As if by some stroke of fate, the weather on the day we chose was glorious allowing us to enjoy it at its most picturesque. A stark contrast to the recent bleak days.

Weymouth Harbour

We joined friends and wandered along the harbour, watched the bridge open for yachts to pass through and enjoyed fish and chips (a must do in any proper English seaside town). For one of the first times on this trip, Master 15 was beaten by a large serving of cod and chips! It was in fact huge with three big pieces of fish.

Large cod and chips
Weymouth Harbour bridge

Once we reached the sea front, I had a little chuckle to myself as I realised there were more people on the beach on a cool but bright winters day, than there would be on a hot summers day in Busselton. But, in reality who could blame them, it was stunning and a lovely place for a hot chocolate! After all, it was a public holiday and one should always make the most of any sunshine in winter, England or Australia!

Weymouth beach front

I was particularly impressed with the lady (in her 60s) I saw march purposefully across the road in her robe, bathing cap (I mean the old style rubber cap with a raised flowery pattern) and googles. I watched fascinated as she made her way across the sand, stripped off her robe and headed into the water. No wetsuit just a triathlon style race suit. With some research I have discovered the sea temperature is around 10 degrees in Weymouth this week 🥶

She dived in the water and briskly set off. Well, Yallingup lagoon friend…….. I thought this lady had showed us up. I was thinking maybe we are just weak Aussie girls after all! Mind you, after around 10 strokes, she stood up splashed some water on her chest and she was done! At least we are stayers but good on her for getting wet I say!

Sandcastle of the Queen – Weymouth beach

Known for its sand sculptures, we admired the current installation of the late queen before heading back to Odcombe via another iconic Dorset landmark, the Cerne Abbas Giant. This 55m high chalk figure carved on a hillside, is widely thought of as a symbol of fertility. As you can imagine there are many and varied stories about his origin and his purpose. The only reaction we got from Miss 12 who refused to exit the car was ‘Oh’.

Cerne Abbas Giant – yes he has a giant erection

An interesting and different way to end a great day! The very best of Dorset (LOL).


‘Natural habitat’ – Odcombe, Somerset UK

No trip to England would be complete without a visit to our old stomping ground to rekindle memories and show the children where we used to live.

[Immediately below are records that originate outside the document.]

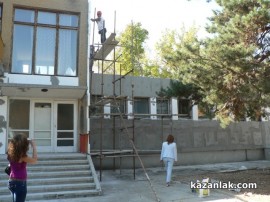  Ремонти за над половин милион лева текат в Община Казанлък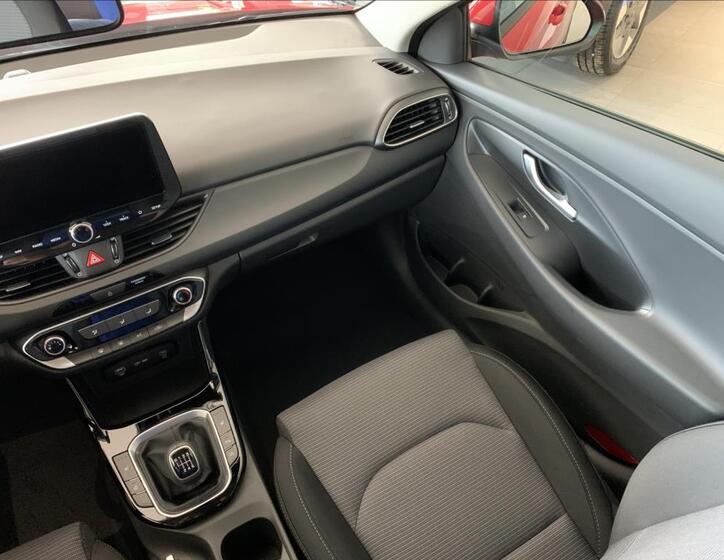Hyundai i30 17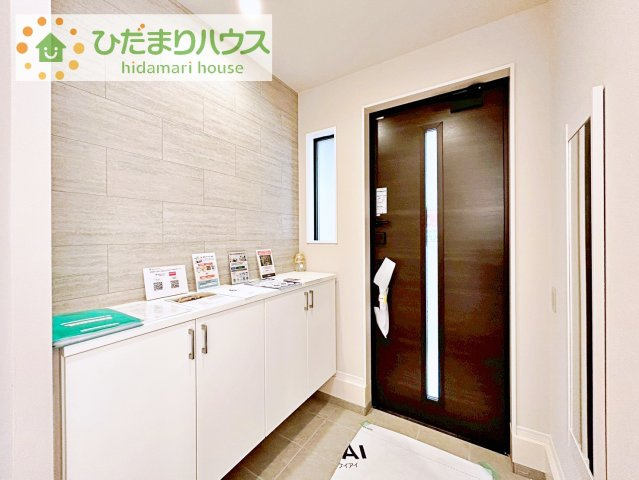 【玄関】 | 龍ケ崎市野原町4期　新築戸建　4号棟 | 丁度良い靴箱のサイズ♪これだけあれば家族全員の靴がしまえてスッキリ(^O^)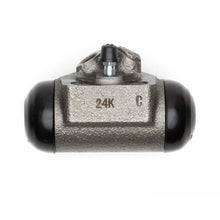 Load image into Gallery viewer, DFC 61-71 International Scout Front-L Brake Wheel Cylinder - DFC 375-71004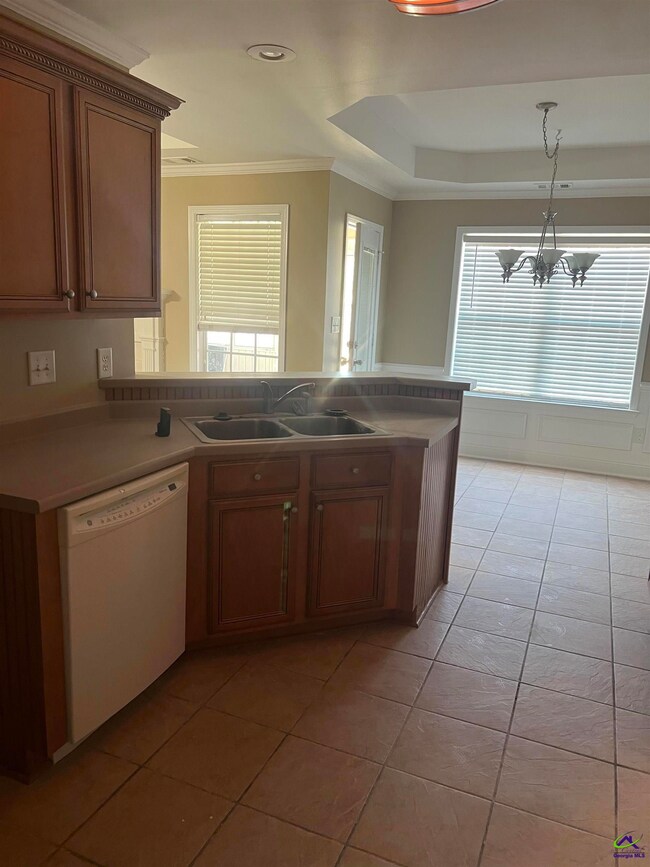 202 Chasen Ct, Byron, GA 31008 - photo 3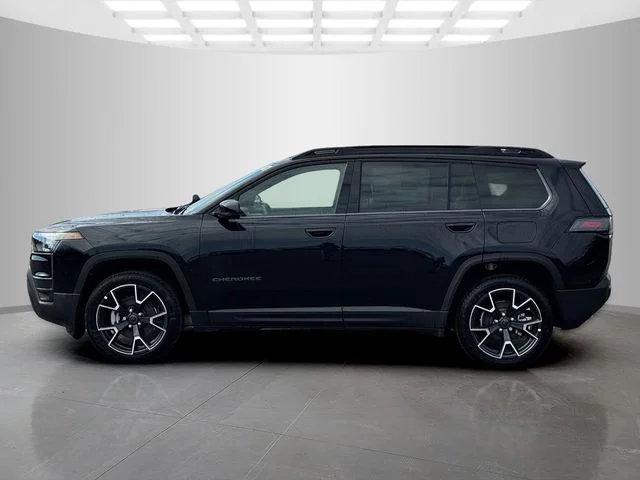 New 2026 Diamond Black Crystal Pearl-Coat Exterior Paint Jeep Overland image 4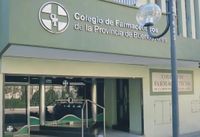 Colegio de Farmacéuticos bonaerense advierte que el DNU pone en riesgo a la profesión y a los pacientes
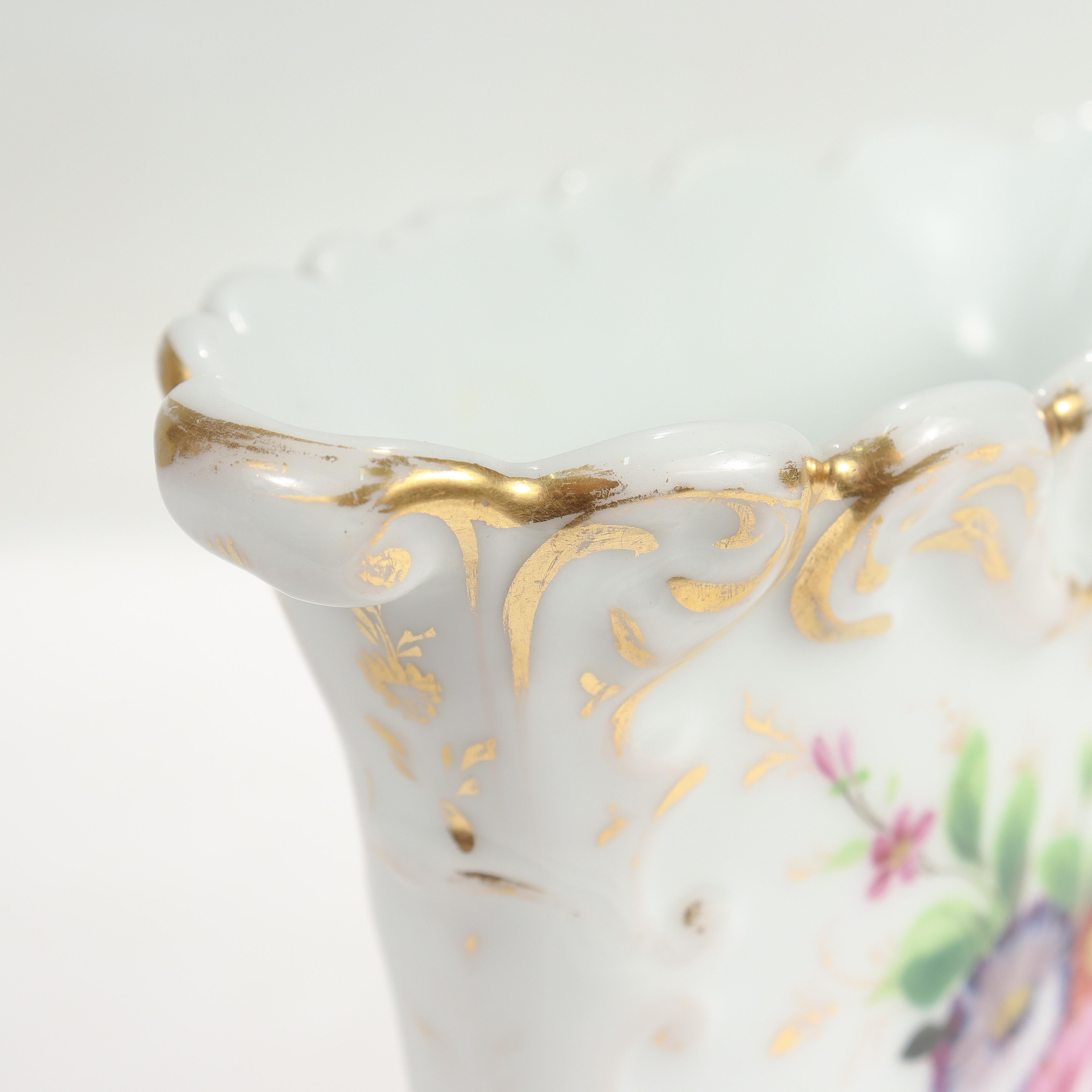 Antique Old Paris or Vieux Paris Porcelain Fan Shaped Vase For Sale 5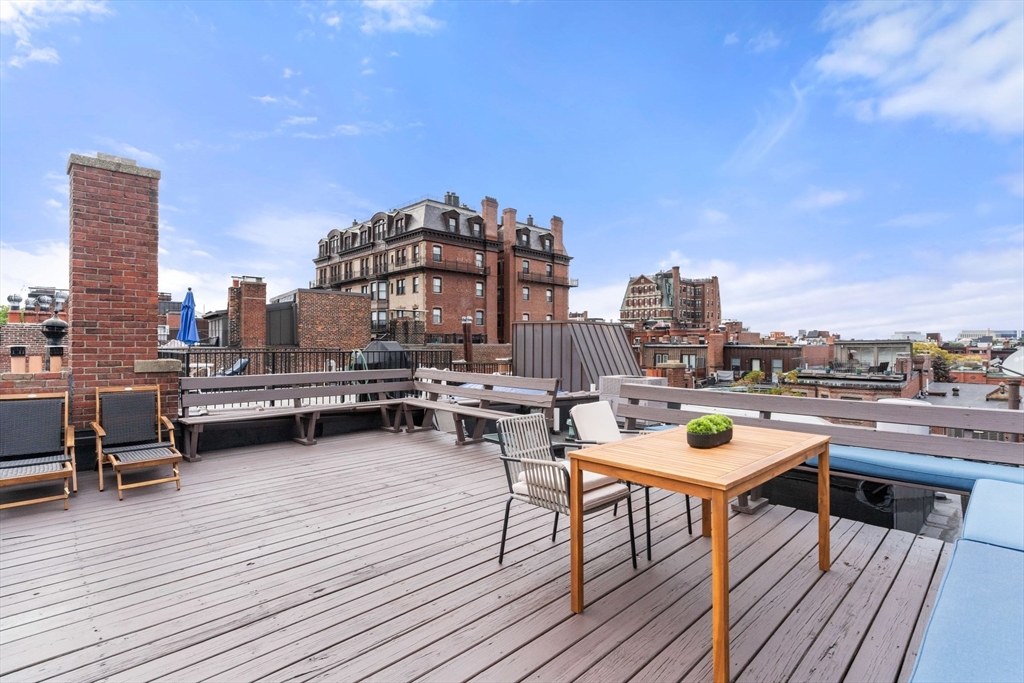 339 Commonwealth Ave # 4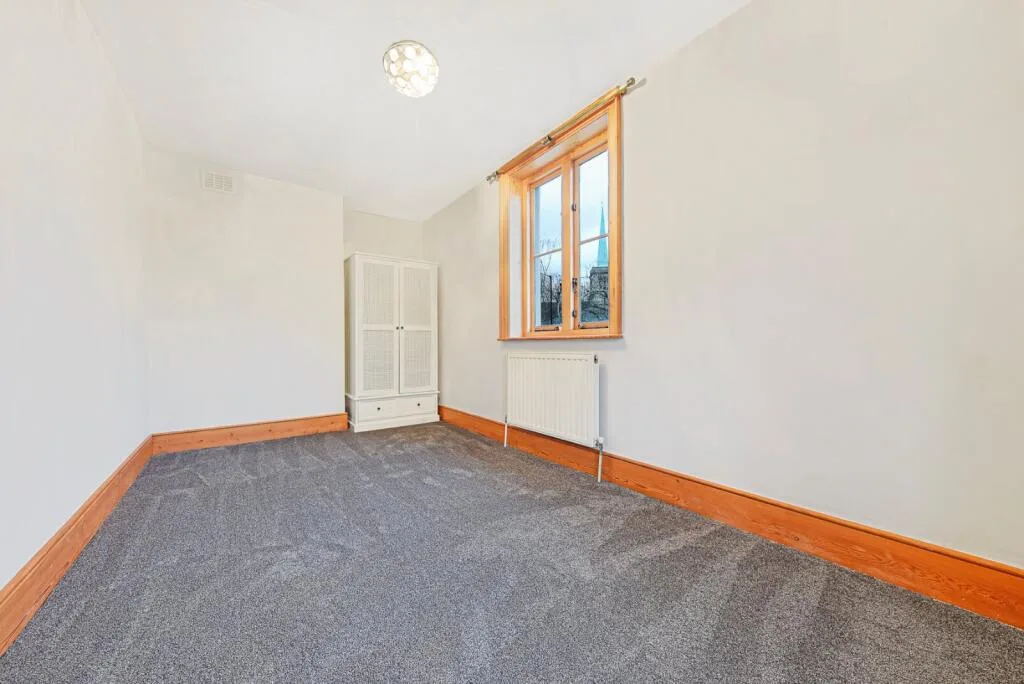 3 bedroom semi-detached house for rent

On limited time, it was impossible to see everything and catch up with everyone. However, the children do now have a sense of our old life in England.

Mr Travel Bee booked us an Airbnb in his home village of Odcombe (his, Nan’s and Master 15’s true ‘natural habitat’). Kent’s cottage in Lower Odcombe is a quaint, traditional terraced thatched cottage. Like most of the buildings in Odcombe and the surrounding villages, it is built with Hamstone, a beautiful warm honey coloured stone quarried from nearby Ham hill.

Kent’s cottage

Located only a few doors down from the pub, The Mason’s Arms, we were immersed in village life. Master 15 commented ‘you can literally step out the front door and get run over!’. The small ‘two up, two down’ cottage oozes character and is beautifully presented by it’s London based owners. Their attention to detail made our stay very comfortable.

Inside Kent’s cottage

Being ex locals, Mr Travel Bee and his Mum have greeted people on the street, found pictures of themselves in the pub, caught up with family and reminisced over times gone by. We have eaten in the pub, taken gentle strolls, walked the steep path up to Higher Odcombe and taken a look at the old family homes and the church yard.

Orchard path leading to Higher Odcombe
Odcombe church

The weather has been wet and cold, as to be expected at this time of the year. It rather reminded me of one of the main reasons we left! (Needless to say it is not my ‘natural habitat’, I was born for the beach!). Nonetheless a thoroughly enjoyable couple of days.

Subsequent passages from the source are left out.